WHAT THIS TASK INVOLVES:
In the records below, the lines between the one holding "Vino belo Lederer" and the one holding "Mannen Verjaardagsfeest Bier", inclusive, are to be transcribed exactly; no pictures are to be included.

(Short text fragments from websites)
Content starts

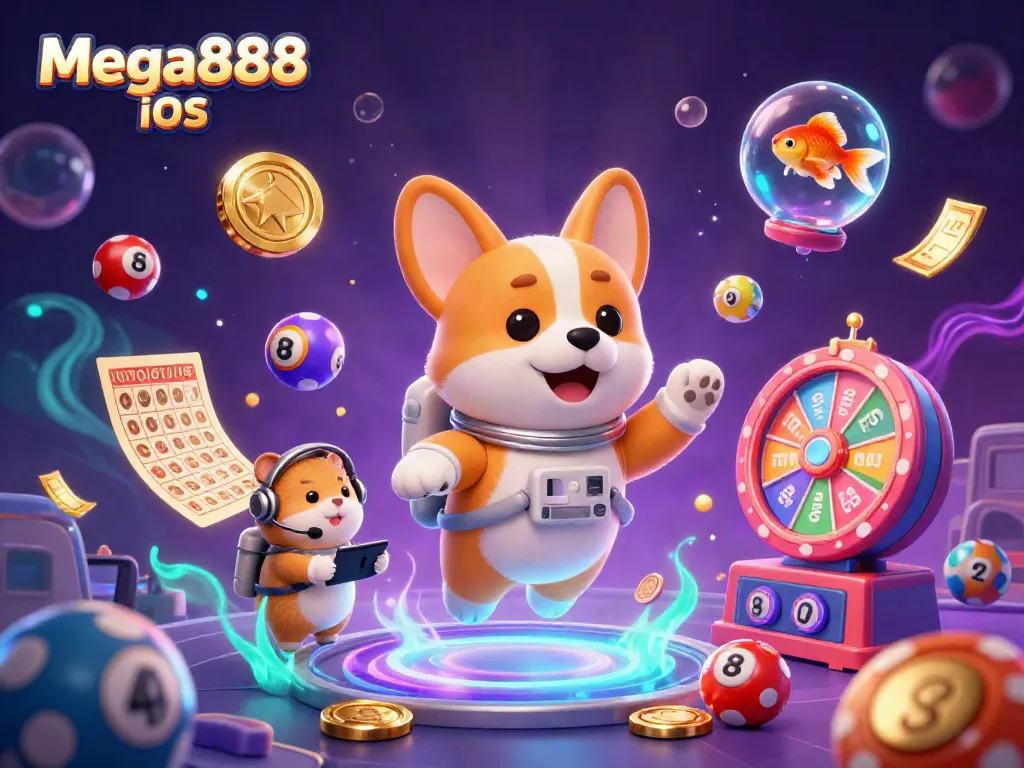 Experience Mega888 iOS with a playful astronaut corgi in a vibrant space casino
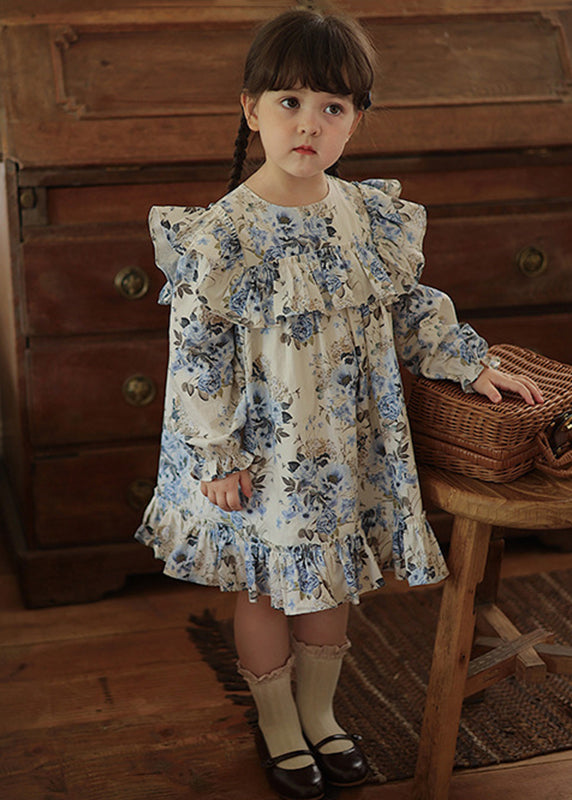 Chic Blue Ruffled Patchwork Kids Vacation Long Dresses Fall SS1045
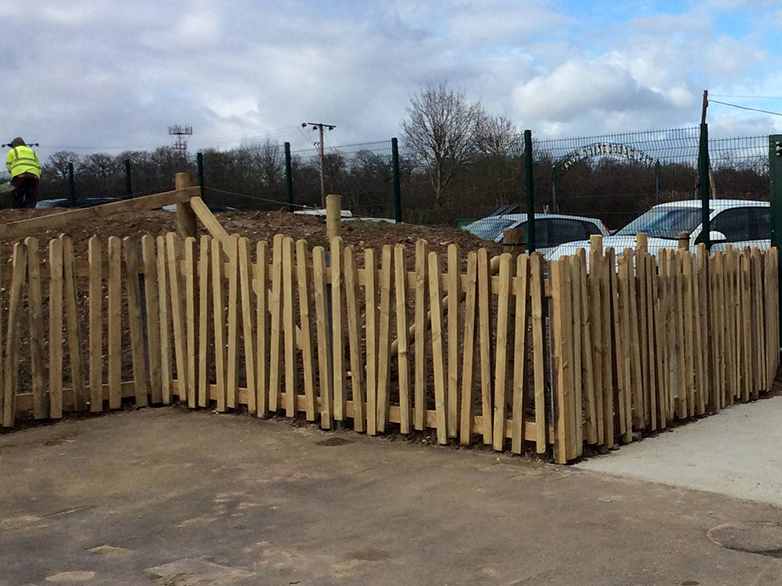 Picket fencing installed at animal park enclosure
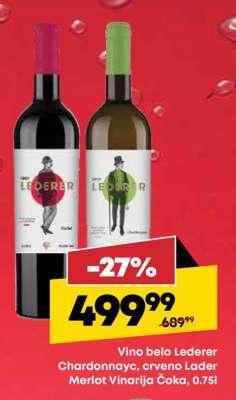 Vino belo Lederer Chardonnayc, crveno Lader Merlot Vinarija Čoka, 0.75l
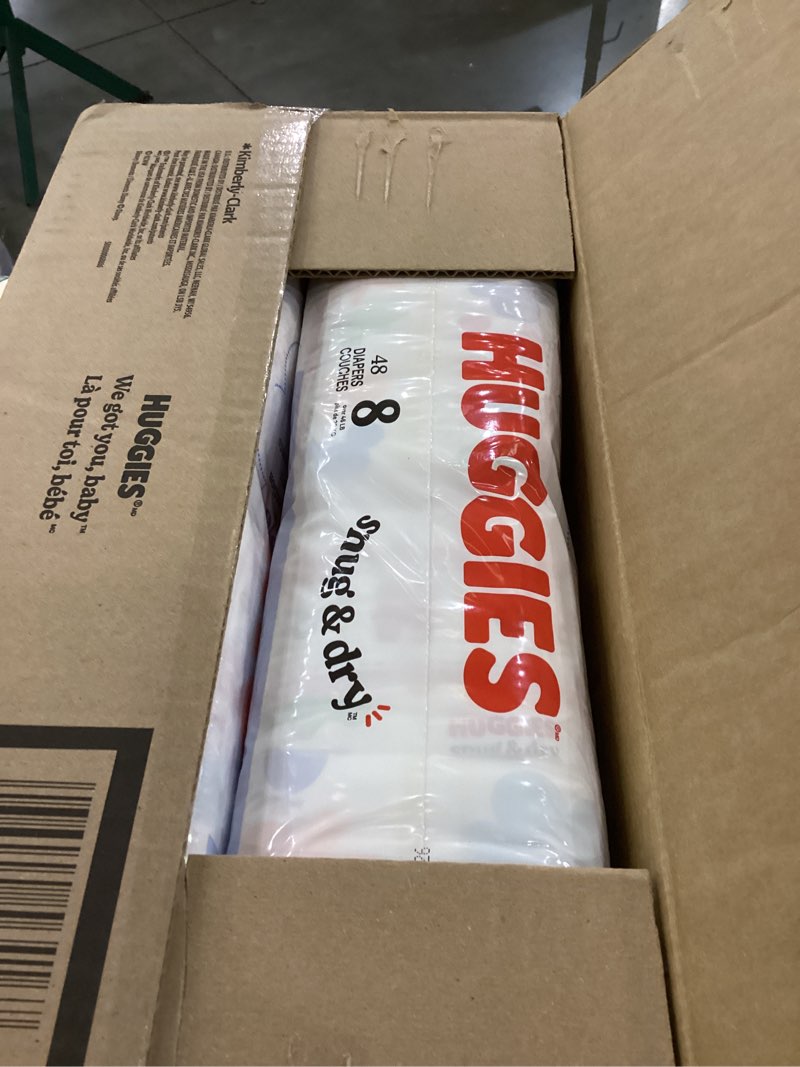 Condition photo showing New/Like New for Huggies Size 8 Diapers, Snug & Dry Baby Diapers, Size 8 (46+ lbs), 96 Count (2 Packs of 48), Packaging May Vary Size 8 96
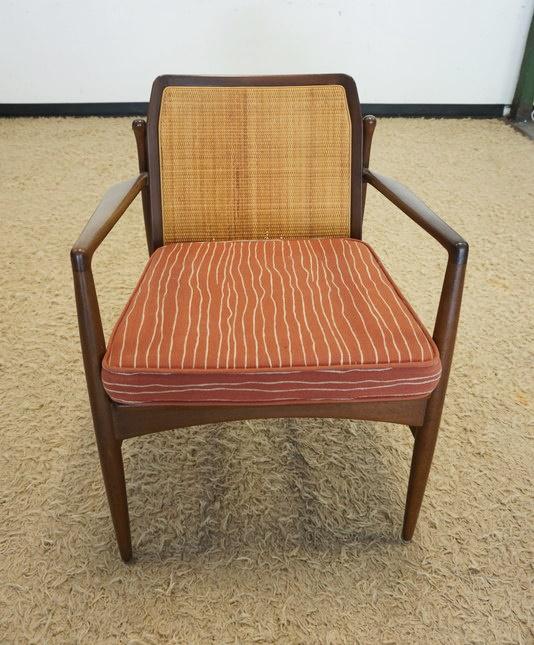 SELIG DANISH MODERN ARMCHAIR: SELIG DANISH MODERN ARMCHAIR W/WOVEN RATTAN BACK, SOME LOSS TO RATTAN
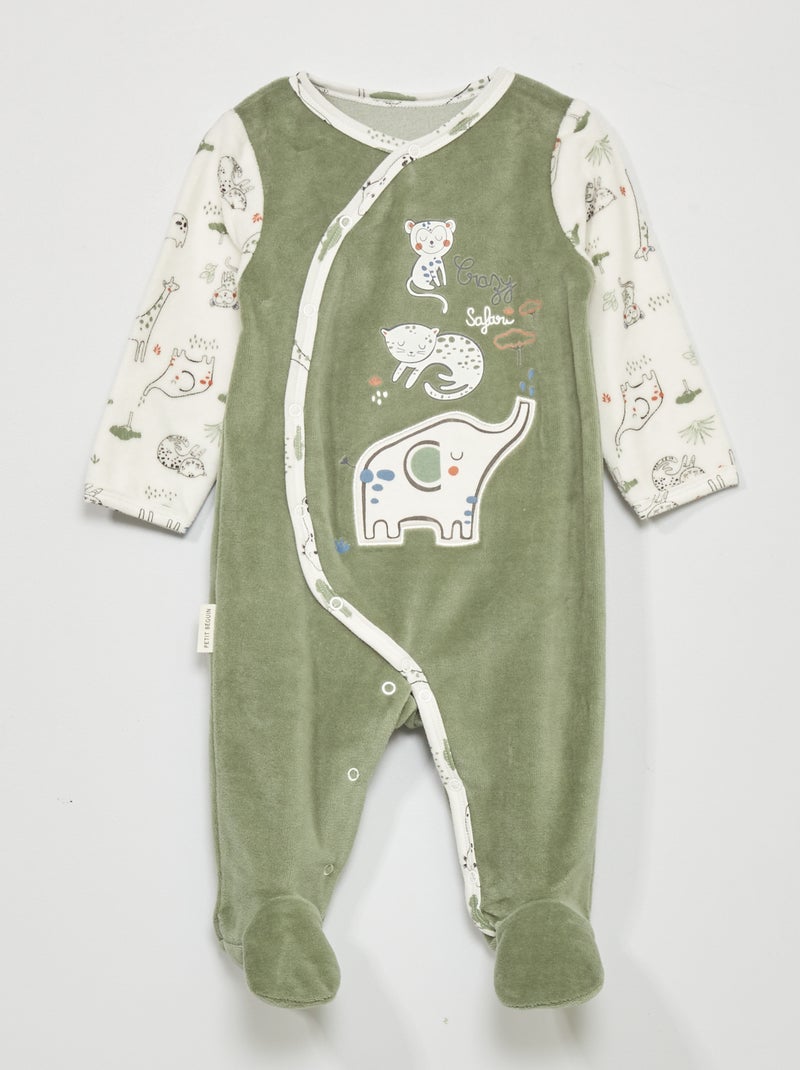 Pijama de terciopelo verde - Kiabi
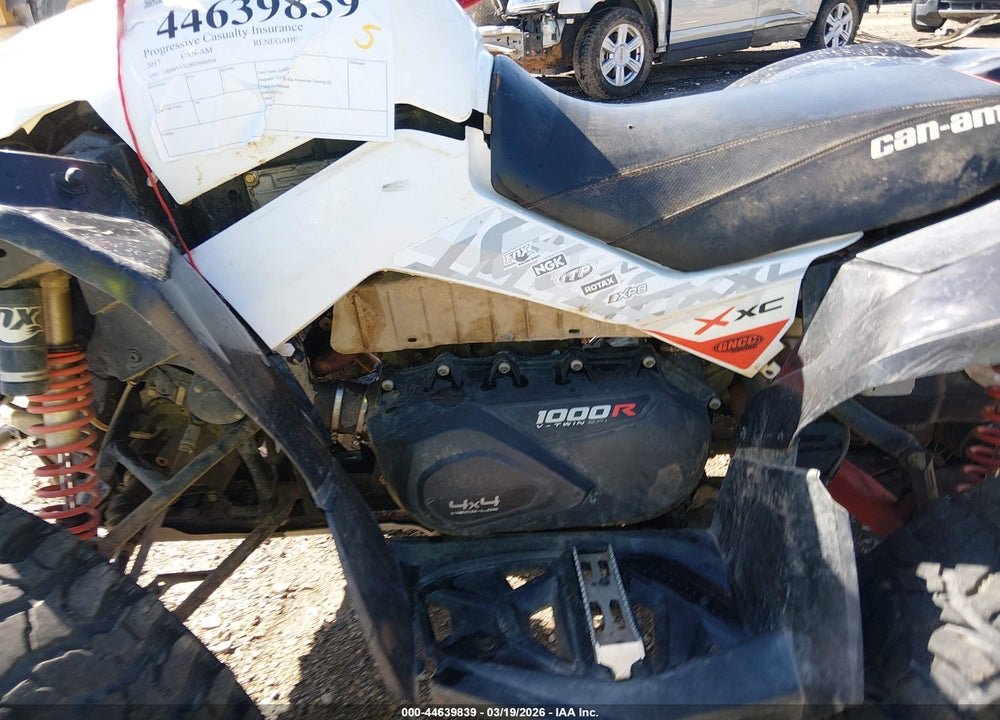 2017 CAN-AM RENEGADE X XC 1000R VIN: 3JBMXAX28HJ000450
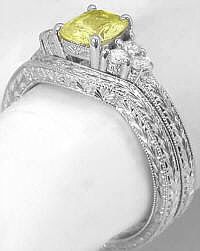 Engraved Wedding Rings with Yellow Sapphire in 14k white gold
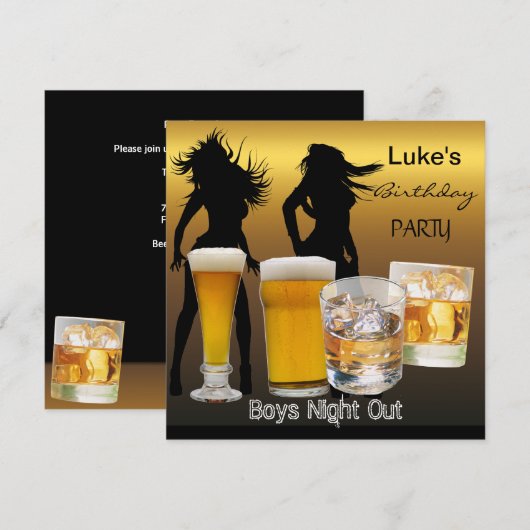 Mannen Verjaardagsfeest Bier Jongens Avondje Uit Kaart (Voorkant / Achterkant)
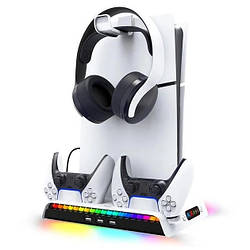 Док-станція підставка для консолі та геймпадів для PS5 Slim iPega PG-P5S006 з охолодженням та RGB підсвічуванням Білий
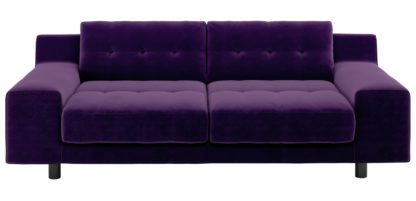 An Image of Habitat Hendricks 3 Seater Velvet Sofa - dark purple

Content ends

THE ANSWER:
 Vino belo Lederer Chardonnayc, crveno Lader Merlot Vinarija Čoka, 0.75l
 Condition photo showing New/Like New for Huggies Size 8 Diapers, Snug & Dry Baby Diapers, Size 8 (46+ lbs), 96 Count (2 Packs of 48), Packaging May Vary Size 8 96
 SELIG DANISH MODERN ARMCHAIR: SELIG DANISH MODERN ARMCHAIR W/WOVEN RATTAN BACK, SOME LOSS TO RATTAN
 Pijama de terciopelo verde - Kiabi
 2017 CAN-AM RENEGADE X XC 1000R VIN: 3JBMXAX28HJ000450
 Engraved Wedding Rings with Yellow Sapphire in 14k white gold
 Mannen Verjaardagsfeest Bier Jongens Avondje Uit Kaart (Voorkant / Achterkant)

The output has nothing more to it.